Many deaf or severely hearing-impaired individuals can understand speech in quiet environments using a cochlear implant (CI), which stimulates the auditory nerve directly with electrical current. However, their speech understanding typically declines significantly in even small amounts of background noise. For those who have some residual low-frequency hearing, the combination of electric and acoustic stimulation (EAS) can significantly improve speech understanding in background noise. Fundamental frequency (F0) variation and low-frequency amplitude envelope of the target talker are important cues for EAS benefit. The broad long-term goals of the proposed research are to advance the understanding of how low-frequency acoustic stimulation combines with electric stimulation to enhance speech understanding in difficult listening situations, and to enhance EAS benefit for individuals who might otherwise receive limited or no benefit. One long-term goal is to develop a wearable real-time processor that can deliver low-frequency speech cues to CI users more effectively.

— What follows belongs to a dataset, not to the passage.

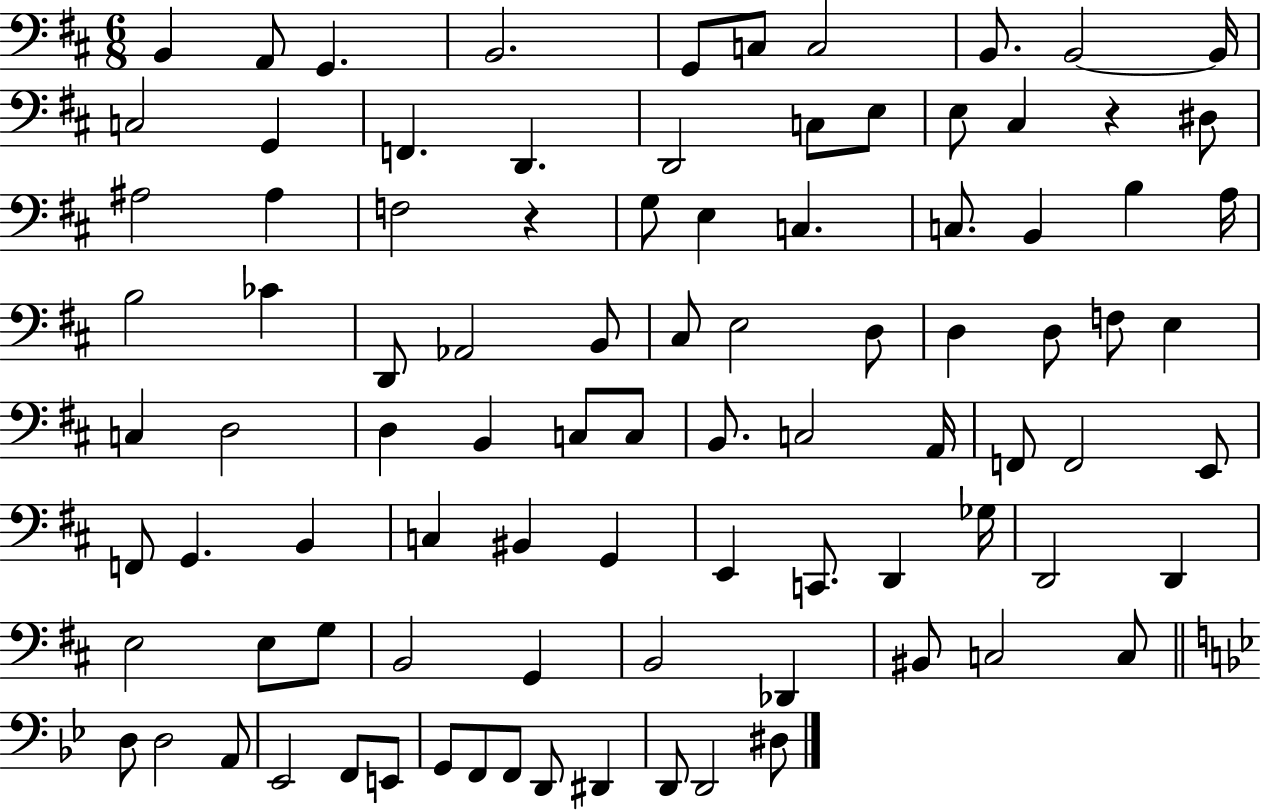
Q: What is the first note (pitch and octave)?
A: B2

The specific aims are to (1) to increase the amount of EAS benefit to CI patients who already show a benefit;(2) To provide EAS benefit other CI patients who show little or no benefit typically;and (3) understand why some CI patients do not benefit from EAS, even when their audiometric results suggest they might. This work has the potential to extend the benefits of EAS to those CI users who do not possess enough residual hearing to show an EAS benefit typically, and to enhance the EAS benefit for those who do.
Many deaf individuals can understand speech in quiet environments using a cochlear implant (CI), which stimulates the auditory nerve directly with electrical current, although their performance often declines dramatically in even small amounts of background noise. For those who have some remaining hearing in the low frequencies, however, the combination of electric and acoustic stimulation (EAS) can significantly improve speech understanding in noise. This proposal aims to continue our work developing novel speech processing schemes that provide EAS benefit to CI users who do not typically receive such a benefit, and enhance the EAS benefit to those who already receive some benefit.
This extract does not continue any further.